Dr. Look Lai is the keynote speaker for the symposium. His 1993 book Indentured Labour, Caribbean Sugar: Chinese and Indian Migrants to the British West Indies, 1838-1918 is a foundational text for Chinese Caribbean Studies. Other books include The Chinese in the West Indies, 1806-1995: A Documentary History (2000) and West Meets East: The Life of Eugene Chen, 1875-1944 (2021). Working within a genealogical framework, the symposium honours the work of Dr. Look Lai, who is retired and lives in Trinidad and Tobago. Surfacing 2025 will make his knowledge and insights accessible to more junior scholars, creative practitioners, and interested publics, and we eagerly await his most recent ideas and reflections.
In the keynote address, Dr. Look Lai will reflect on the evolution of his work and career in developing the study of Chinese in the Caribbean. His scholarship spans the nineteenth and twentieth centuries, takes a comparative and connective approach to Indian and Chinese labor migrations, and explores settlement and assimilation as well as homeland ties and politics. He will share insights into enduring debates, such as the tension between local and diasporic orientation. Dr. Look Lai is joined by historian Kathleen López, who will respond and further engage him in conversation about themes and challenges for new generations of scholars, writers, artists, and community members.
Dr. Nikoli Attai (Assistant Professor, Department of Sociology Binghamton University, USA)
Presentation Title: Memory Archives of a Not-So-Distant Past – Cufun Landolio Attai 1917 – 1985
The experiences of Caribbean Immigrants of Asian descent are impacted by legacies of indentureship, contract labor, and ongoing migration circuits to the Caribbean. These histories have facilitated the movement of Indo-Caribbean, Chinese-Caribbean, Javanese-Caribbean, Japanese-Caribbean, and other Asian-Caribbean immigrant groups to various countries in the region and South America, including the Dominican Republic, Guyana, Jamaica, Suriname, and Trinidad and Tobago (among others). There has been extensive historical and social science scholarship on Indo-Caribbean experiences of indentureship and contract labor, but less research has been conducted to document and theorize the experiences of the Chinese-Caribbean. My family’s journey with indentureship is an exciting and nuanced one, resulting in the merging of Indo-Trinidadian and Chinese-Trinidadian histories in the rural village of Toco. In this paper, I turn to my family’s archives and particularly to our collective memory to begin recovering our memories of my grandfather’s journeys between China and Trinidad and Tobago and communities in its diasporas. Through fragments of memory and material artifacts, I trace the intricate web of global connections that have shaped my family’s present. In honoring his memory, I not only reconnect with my personal history but also engage with the broader narratives of displacement, resilience, and cultural hybridity that characterize the experiences of many who navigated the tumultuous currents of empire and migration in the Caribbean.
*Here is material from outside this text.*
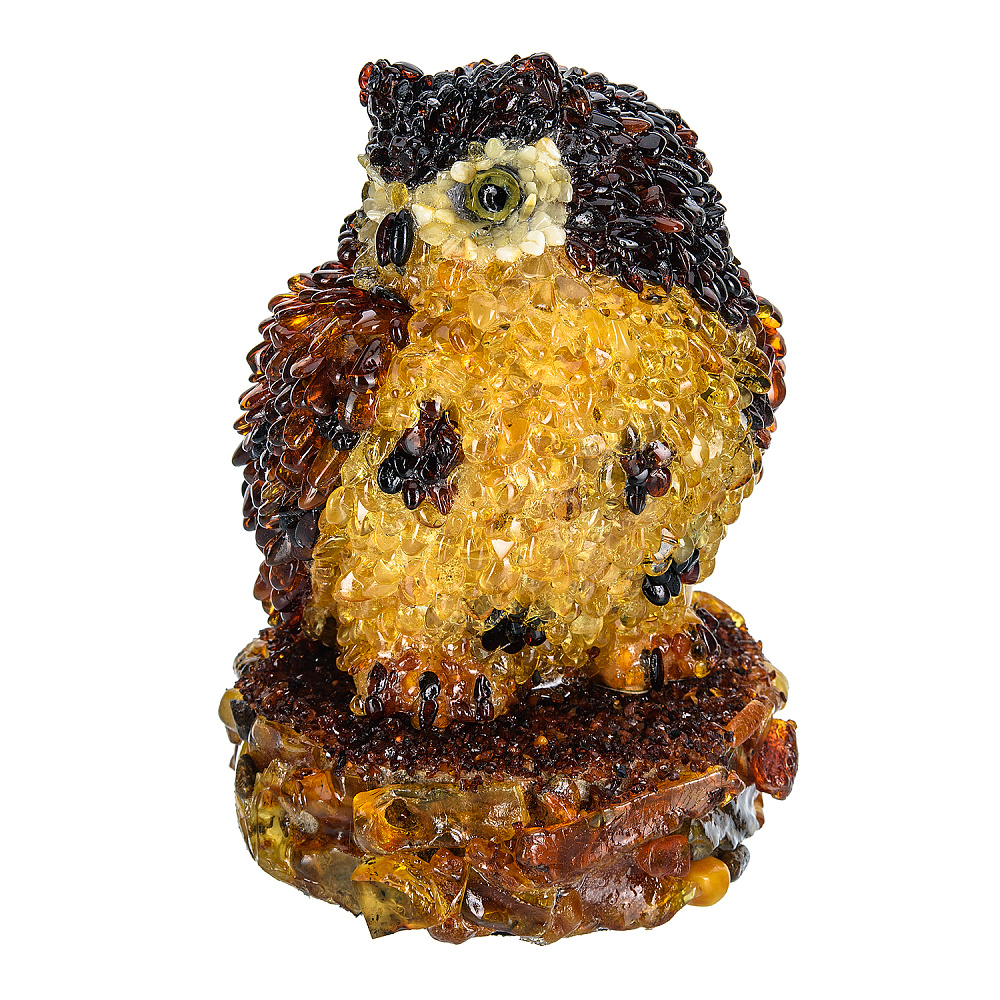 Скульптура из янтаря «Сова на пеньке» - интернет магазин Русь Велика я фото 1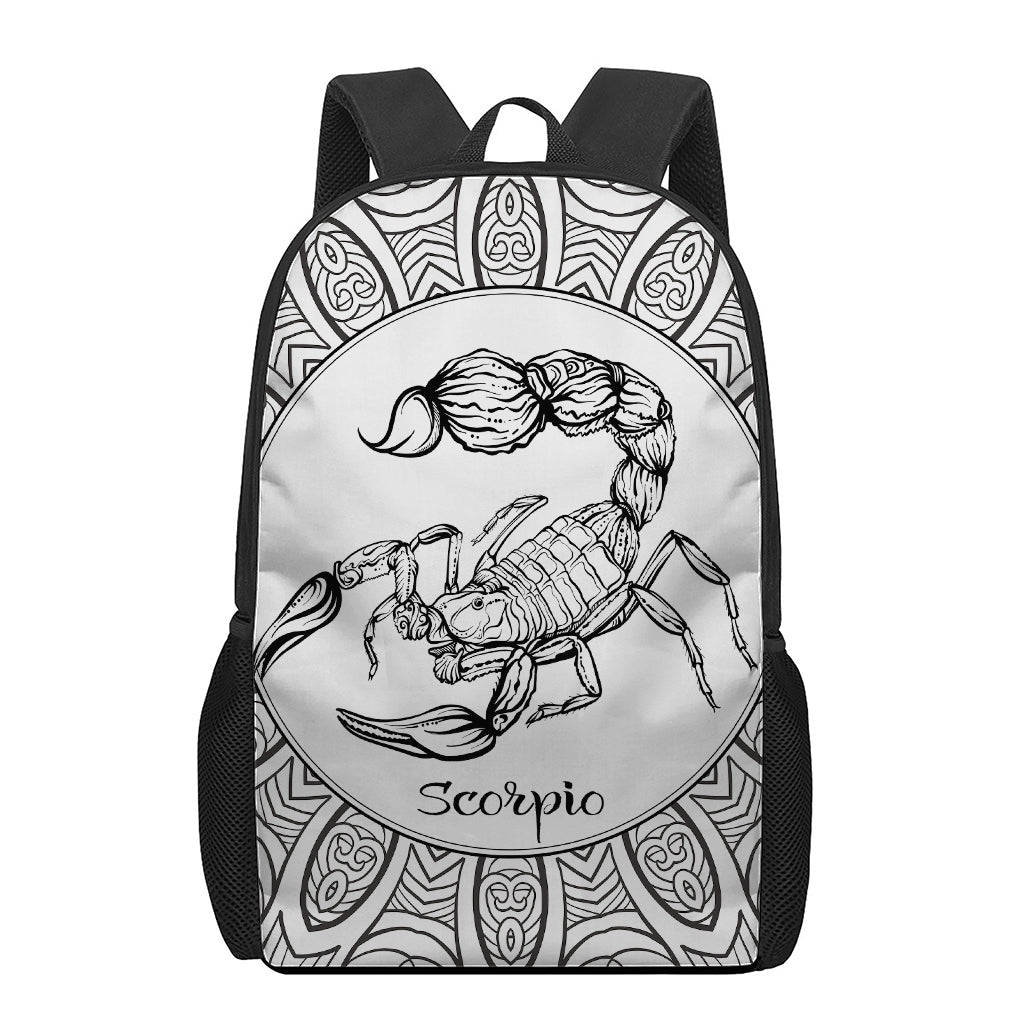 White And Black Scorpio Sign Print 17 Inch Backpack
Albert Chong (Art and Art History, University of Colorado at Boulder, USA)
Presentation Title: Dread in Exile: Works in Photography & Other Media 1980 – 2025
I will present 30 images from four bodies of creative work in the genres of self-portraiture: the I-Traits series, the Throne series, the Still Life series in both black and white and color, and the Jamaican portraits. I will address the themes of being biracial in Jamaica and my upbringing as the scion of a large Afro-Chinese Jamaican family of shopkeepers in downtown Kingston. I will also be showing the documentation of my now twelve-year project to rebuild and reconstruct Carew Castle, which is the name of the property of land in the rugged hills of St Catherine, Jamaica. I have inherited this piece of tropical rainforest and have been building ecological sanctuary and probable refuge for myself and family in the very near future.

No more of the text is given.